Entlang der Verlängerung des Schleusenwegs werden mehrere Wohngebäude in attraktiver, zum Elli-Lucht-Park orientierter Lage vorgeschlagen. Diese Bebauung ermöglicht in der ersten Realisierungsphase die Errichtung zusätzlicher Wohnungen ohne Abbruch vorhandener Wohnungen. Die zum Park hin gelegenen Privatgärten müssen allerdings, damit Probleme zwischen öffentlichen und privaten Flächen vermieden werden, deutlich am Park begrenzt z.B. angehoben werden.

Detail, © Jo.Franzke Architekten, Frankfurt am Main mit Rainer Schmidt Landschaftsarchitekten GmbH, Berlin

Die mit dem Entwurf verbundene Inanspruchnahme von Teilen des Überschwemmungsgebiets muss vermieden werden (etwa durch eine Verschiebung der neuen Uferstraße oder durch eine stärkere Abknickung ihrer Linienführung). Ebenso ist zu prüfen, wie der vorhandene Kanal unterhalb der Straße Niederräder Ufer in den Vorschlag integriert werden kann.

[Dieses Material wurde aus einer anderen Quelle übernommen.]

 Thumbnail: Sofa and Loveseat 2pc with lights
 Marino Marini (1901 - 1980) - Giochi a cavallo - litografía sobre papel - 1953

Insgesamt zeigt der Entwurf eine interessante Möglichkeit auf, wie Niederrad mit dem Main verbunden und die Trennwirkung der Uferstraße beseitigt werden kann.


Mainfeldgesprche

Modellvorschlag für neue Wohnhäuser, © stadt.bau.plan

Auf Grundlage der Ergebnisse der bisherigen Planungswerkstätten für Niederrad und der Ergebnisse des städtebaulichen Ideenwettbewerbs aus dem Jahre 2009/2010 hat das Stadtplanungsamt ein städtebauliches Konzept in zwei Varianten erarbeitet. Das Konzept geht von einem weitgehenden Erhalt der Siedlung aus und macht Vorschläge zur Verbesserung der zu ergänzenden Wohnungsneubauten und zur Verbesserung der Freiraum- und Erschließungsqualitäten im Bereich der Mainfeld Siedlung.

In drei „Mainfeldgesprächen“ wurden mit den Mietern, interessierten Bürgerinnen und Bürgern und den Stadtteilpolitikern die Vor- und Nachteile der beiden Varianten diskutiert. Schwerpunkthemen stellten die Vorschläge zu einem neuen zentralen Quartiersplatz für die Mainfeld Siedlung, die Vorschläge für neue Wohngebäude und letztlich für die Erweiterung des Elli-Lucht-Parks dar.

Alle drei Veranstaltungen fanden im Kulturzentrum Mainfeld, Im Mainfeld 6, statt.